SADAR DAN
BERJAGA-JAGALAH
(1 Petrus 5:
6 – 11)
Surat Petrus
dilatarbelakangi kehidupan jemaat yang berat. Mereka menghadapi aniaya karena
iman kepada Kristus (1:6). Dalam keadaan seperti itu, perasaan khawatir tentang
masa depan pastilah nyata. Rasul Petrus mendorong mereka untuk menyerahkan
segala beban mereka kepada Tuhan dan meyakini bahwa Tuhan memelihara hidup
mereka (5:7, 10). Dengan sikap seperti ini, maka apapun penderitaan itu dan
seberat apapun juga, menjadi sarana orang beriman untuk mendekatkan diri kepada
Tuhan.
Namun sebaliknya
dapat terjadi. Penderitaan dapat menarik orang menjauh dari Tuhan. Penderitaan
dapat menimbulkan kepahitan karena merasa Tuhan absen dalam pergumulan hidup.

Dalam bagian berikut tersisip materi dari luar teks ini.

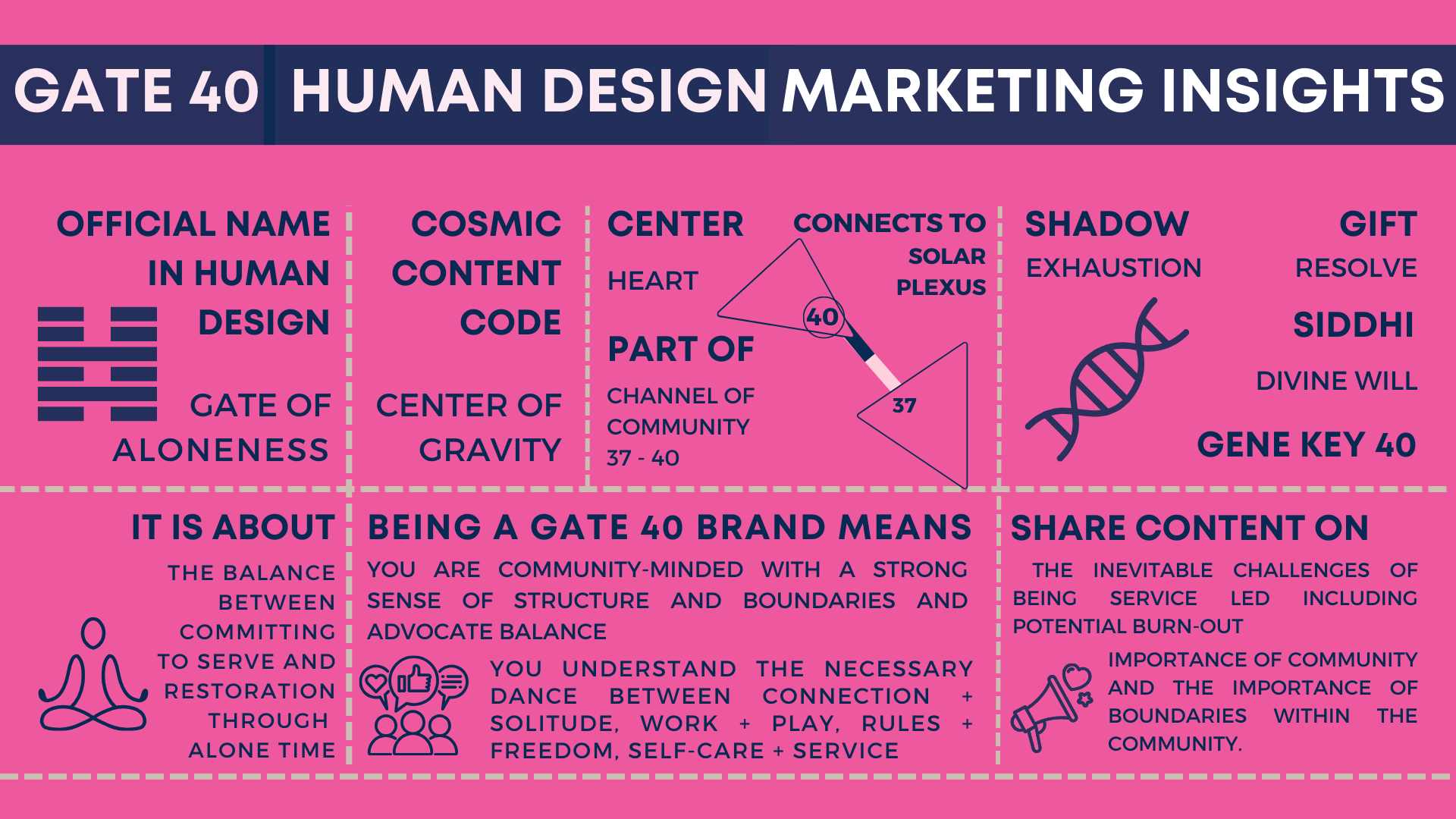 Human Design Gate 40 of Aloneness: Marketing & Branding Insights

Dalam situasi seperti ini, si Iblis dapat mengambil kesempatan untuk
menghancurkan hidup orang Kristen. Dalam konteks inilah maka Rasul Petrus
memberi peringatan pada ay.8: “Sadarlah dan berjaga-jagalah! Lawanmu, si Iblis,
berjalan keliling sama seperti singa yang mengaum-aum dan mencari orang yang
dapat ditelannya.” Rasul Petrus mengajari kita beberapa hal dari ayat ini.
Pertama, Iblis
adalah lawan atau musuh. Ini realitas pertama yang harus disadari. Iblis bukan
sosok yang dapat dijadikan sahabat betapapun memikatnya daya tariknya. Rasul
Paulus memeringatkan bahwa penampilan Iblis seringkali tidak semenakutkan yang
kita pikir. Ia dapat tampil dalam sosok yang “baik”, menyamar sebagai malaikat
terang (2Kor 11:14). Kewaspadaan ini penting karena kejatuhan orang Kristen
dimulai dari sikap meremehkan si Iblis. Orang Kristen yang hidup di zaman
rasional cenderung meremehkan realitas rohani termasuk kuasa gelap yang terus
aktif bekerja.
Kedua, Iblis
adalah sosok yang berkuasa. Meskipun Iblis bukan sosok yang maha kuasa, tetapi
kuasanya tidak dapat dipandang remeh. Rasul Petrus menggambarkan Iblis seperti
singa. Singa adalah binatang buas dan kuat. Dalam cerita-cerita rakyat, ia
sering disebut sebagai raja hutan. Hanya mendengar aumannya saja, semua
binatang lain takut dan tunduk kepadanya. Singa tidak mengenal belas kasihan.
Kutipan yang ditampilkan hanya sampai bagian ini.